GLI SCHIAVI FELICI DELLA LIBERTA’

Dalle interviste a bambinetti imbecilli alle lezioni cattedratiche di disturbate mentali, dalle elucubrazioni di semianalfabeti eterodiretti alle opinioni grottesche di stravaganti portavoce di nullità, ogni cosa mostrata ed espressa risulta priva di spessore culturale e di rigore concettuale: tutto è una melassa indistinta di luoghi comuni, di pareri premasticati e di notifiche di sudditanza al non-pensiero unico della massa addomesticata.

Ovviamente questo clima non nasce spontaneamente, perché ci sono i tenutari dell’informazione, sia essa della carta stampata o della comunicazione audiovisiva, che dirigono la sceneggiata democratica nei suoi singoli e particolari aspetti.

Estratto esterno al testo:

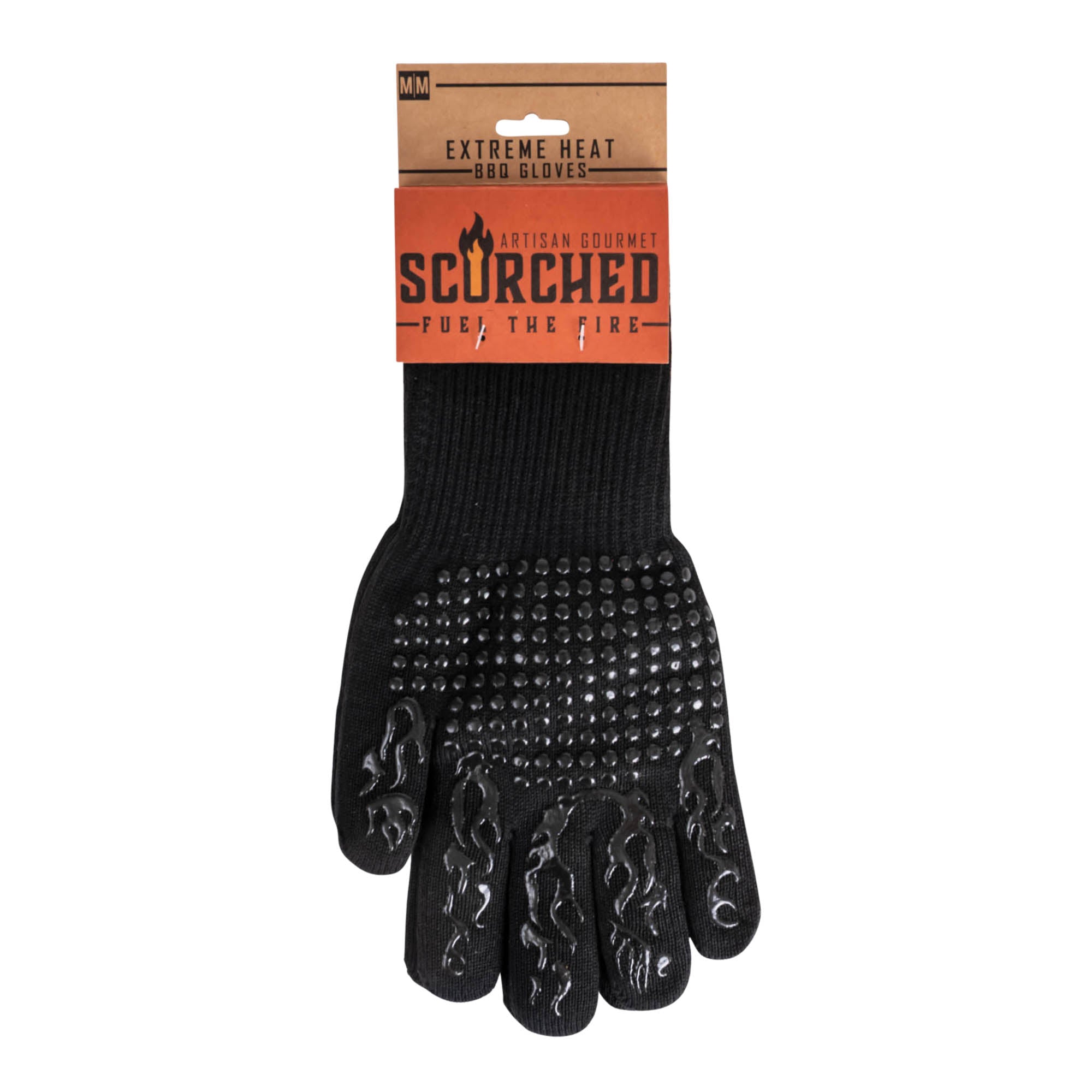 Mad Man|Extreme Heat BBQ Gloves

Niente deve sfuggire al controllo sistematico delle direttive ideologiche. E allora, si assiste alla spregevole uscita di Gad Lerner che per gli ottant’anni di Sofri osa dire “vissuti dalla parte giusta”, ai negazionisti e ai riduzionisti della tragedia delle foibe, ai mefitici sostenitori della doppia morale per i quali la giustizia vera è quella che dà loro ragione, e in mancanza di questa vale in alternativa quella storica decisa dai medesimi lestofanti.

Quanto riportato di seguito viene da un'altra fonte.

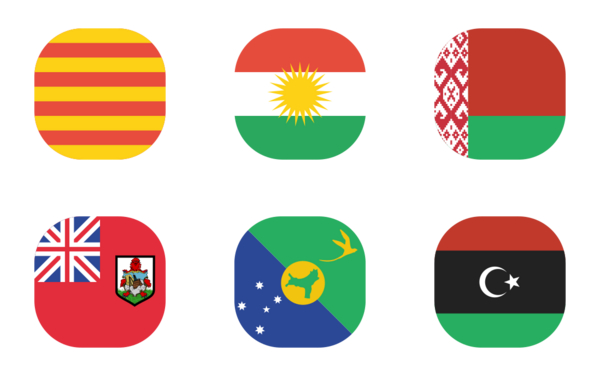 world flags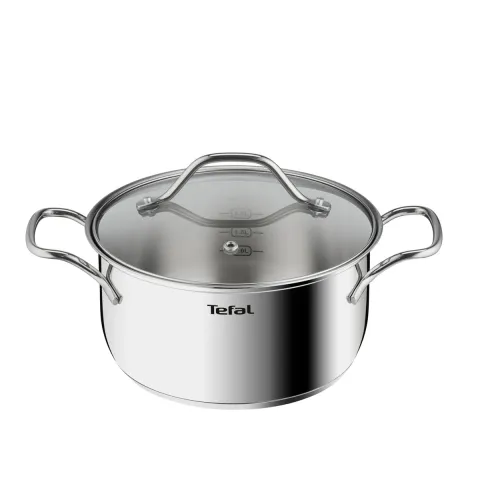 Кастрюля Tefal Intuition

L’obiettivo è confondere, dissacrare, mistificare, ingannare, manipolare e corrompere. Ecco, credo che corrompere sia il verbo migliore per precisare questo tipo di mentalità: infettare tutto ciò che non è compatibile con la lugubre disfatta di questa contemporaneità.

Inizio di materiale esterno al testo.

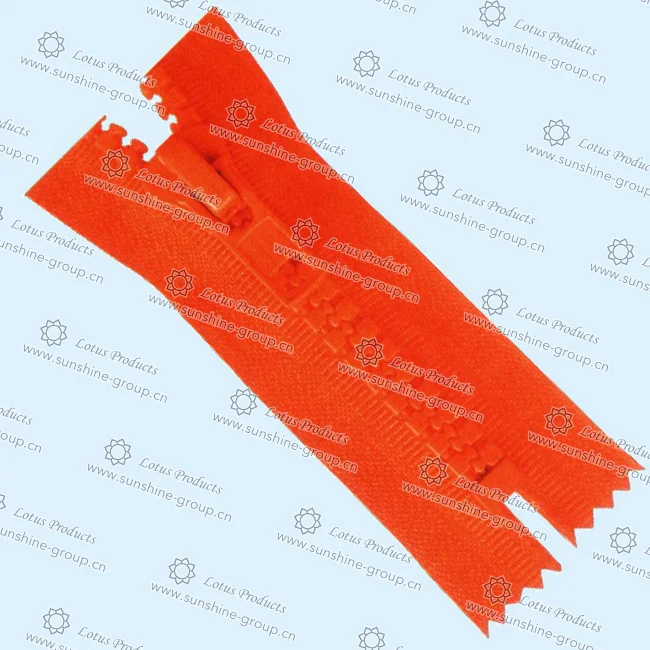 Ningbo sunshine import and export co., ltd. | resin zipper (24)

Un esempio per tutti: semplice, comprensibile e persino per certi versi scontato. Simone Cristicchi recita il Padre Nostro in cattedrale, dopo la canzone dedicata alla madre al Festival di Sanremo. Ed ecco che Annalisa Cuzzocrea, collettore di quella fogna dell’informazione che risponde al nome di “La Repubblica”, titola un articolo vergognoso: “Marketing o sincerità?”. Già, perché i ruffiani del politicamente corretto, i papponi della verità un tanto al chilo, i protettori del conveniente sentire, i lenoni dell’opportunismo democratico non possono accettare i dissidenti. Si fingono colti e liberi questi pulcini mannari delle redazioni del sistema. Loro devono sporcare, infamare e denigrare, e sempre attivi – per usare una metafora nietzschiana – a tirare merda sugli altri per abbassarli al loro livello. Ma c’è un limite che loro non potranno mai superare, quello che li costringe alla posizione di servitù, perché – come riassume efficacemente il pluricitato Ruiz – “I media possono dispiegare tutta la forza del loro potere: non otterranno nulla se ciò che dicono non è in alcun modo in sintonia con l’aria del tempo, se si oppone a sentire il generale”. Estetica ed etica vanno in felice compagnia, e chi persegue il brutto e l’infamia non può che razzolare nel girone dei falliti.